Despite the problem of losing the control salmon, Bouchard calls managing the lab stressless compared to owning her own company. That microbiology firm did national and international regulatory work and grew from two people working out of a single room to a staff of eight and a full-equipped lab. At the university she enjoys working with lots of young, bright minds.

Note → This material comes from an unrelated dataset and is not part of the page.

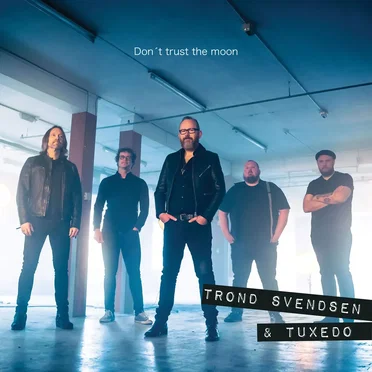 Don't Trust the Moon by Trond Svendsen & Tuxedo - album cover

She also dances regularly: everything from line dancing and ballroom to hip-hop, she said. But beyond that, this small, slight woman used to do competitive weightlifting at 103 pounds and with less than 14 percent body fat. Although her weight and percentage of body fat may have risen a bit since her twenties, she still dances and keeps up her strength training.

Anne Lichtenwalner, Ph.D., veterinarian, Assistant Professor, and Director of the university’s Maine Veterinary Diagnostic Laboratory and the MAAHL, spoke of Bouchard with great respect for her abilities as a microbiologist, saying, “She is a very capable person who can handle all aspects of grant preparation and budgeting (noting that they are vital skills in an academic institution), run a laboratory, and develop new assays [laboratory tests] for disease detection in many different species of animals.” Lichtenwalner went on saying of Bouchard, “She is great to work with, and is a wonderful colleague.”

Lichtenwalner ended this encomium by saying, “We are delighted to have her here at the University of Maine, where she received her undergraduate education.”